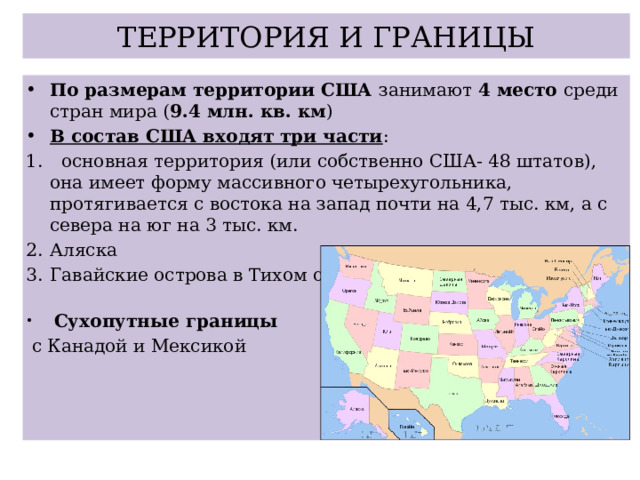 ТЕРРИТОРИЯ И ГРАНИЦЫ По размерам территории США занимают 4 место среди стран мира ( 9.4 млн. кв. км ) В состав США входят три части :  основная территория (или собственно США- 48 штатов), она имеет форму массивного четырехугольника, протягивается с востока на запад почти на 4,7 тыс. км, а с севера на юг на 3 тыс. км. Аляска Гавайские острова в Тихом океане  Сухопутные границы  с Канадой и Мексикой 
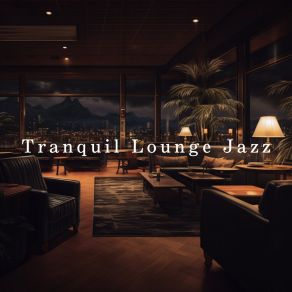 Tranquil Lounge Jazz album cover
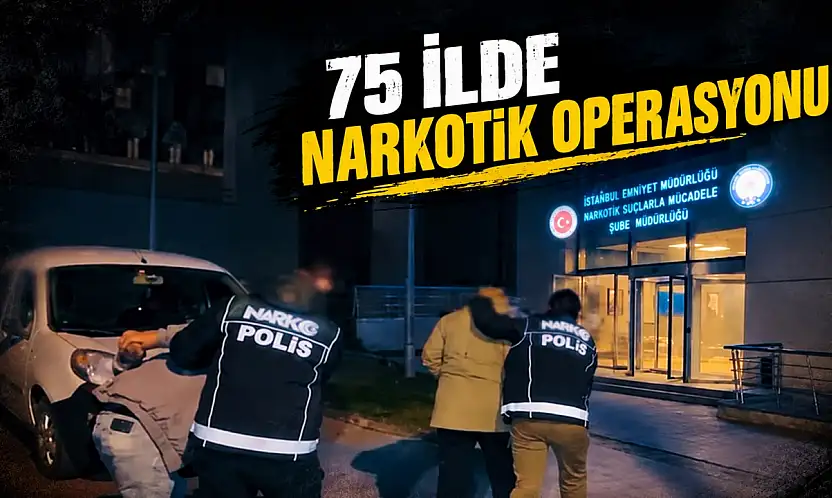 75 İlde Narkotik Operasyonu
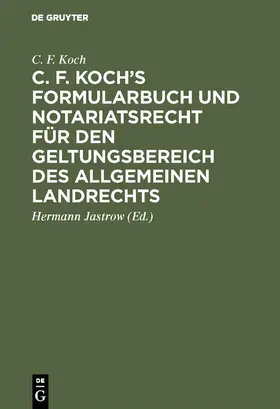 Koch / Jastrow |  C. F. Koch's Formularbuch und Notariatsrecht für den Geltungsbereich des Allgemeinen Landrechts | Buch |  Sack Fachmedien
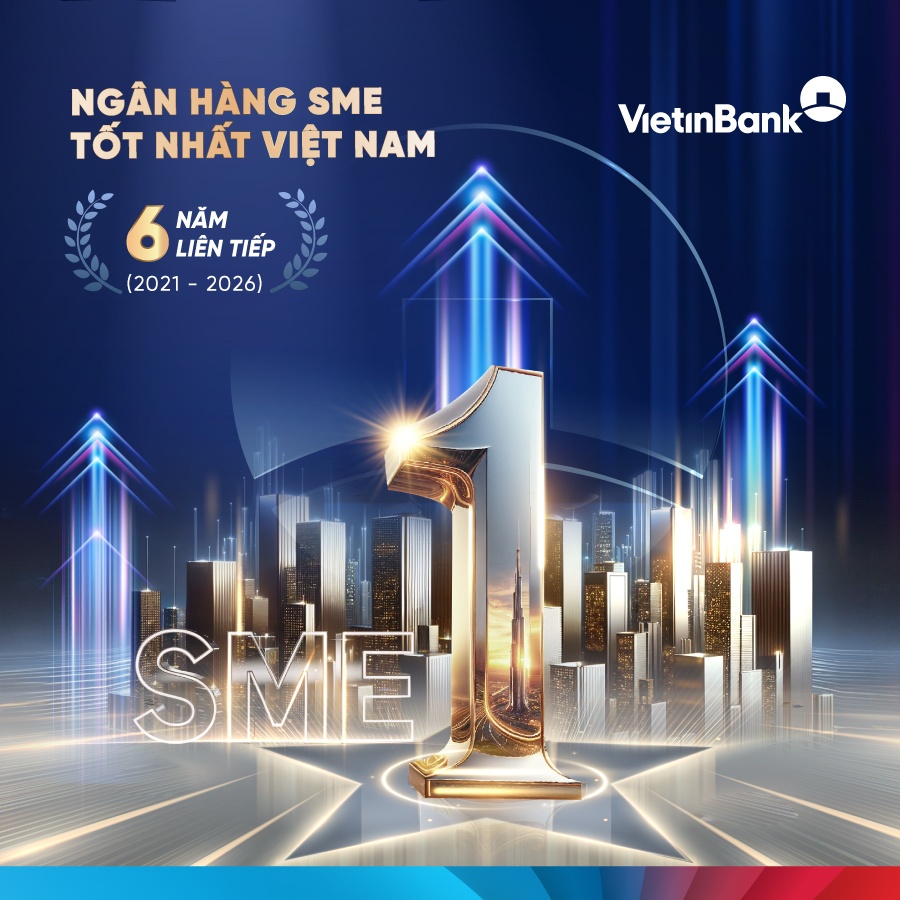 VietinBank 6 năm liên tiếp khẳng định vị thế Ngân hàng SME hàng đầu Việt Nam VietinBank 6 năm liên tiếp khẳng định vị thế Ngân hàng SME hàng đầu Việt Nam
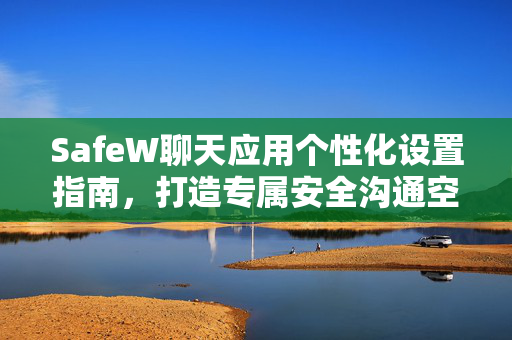 SafeW聊天应用个性化设置指南，打造专属安全沟通空间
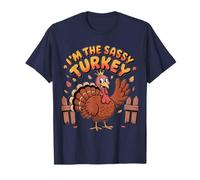 I’m The Sassy Turkey Funny Thanksgiving Humor Quote T-Shirt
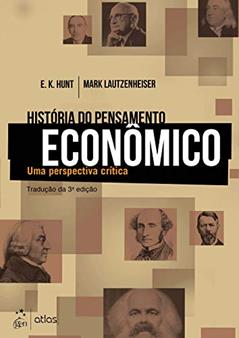 História do Pensamento Econômico - Uma Perspectiva Crítica, do autor Mark Mark Lautzenheiser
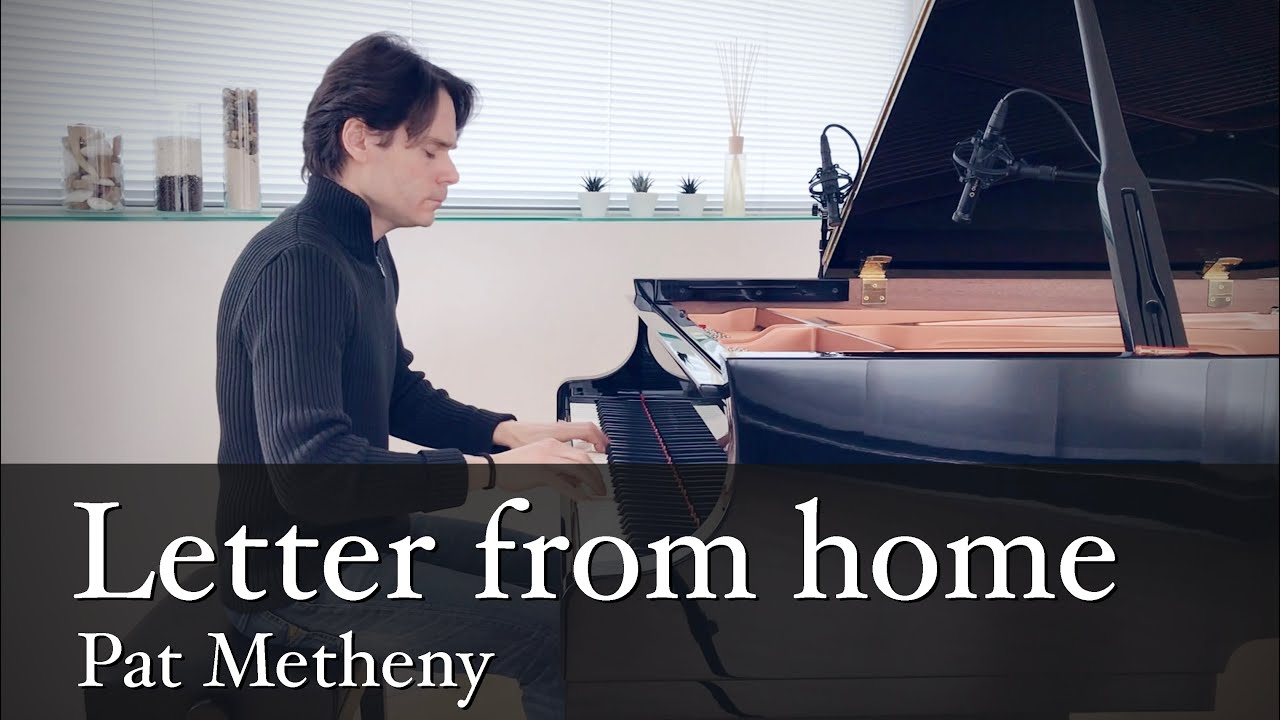 Letter From Home  (Pat Metheny) _ Piano Cover performed on Yamaha C3X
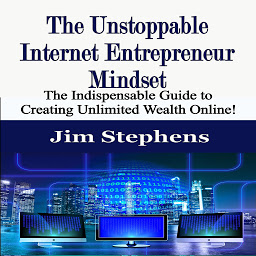 Icon image The Unstoppable Internet Entrepreneur Mindset: The Indispensable Guide to Creating Unlimited Wealth Online!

# # # # # # #

→ **TASK INSTRUCTIONS**: An exact copy is needed of every line from the one holding "SafeW聊天应用个性化设置指南，打造专属安全沟通空间" to the end of the entries above, both ends kept and each picture dropped.

→ **RESULT BELOW**:
 SafeW聊天应用个性化设置指南，打造专属安全沟通空间
 I’m The Sassy Turkey Funny Thanksgiving Humor Quote T-Shirt
 História do Pensamento Econômico - Uma Perspectiva Crítica, do autor Mark Mark Lautzenheiser
 Letter From Home  (Pat Metheny) _ Piano Cover performed on Yamaha C3X
 Icon image The Unstoppable Internet Entrepreneur Mindset: The Indispensable Guide to Creating Unlimited Wealth Online!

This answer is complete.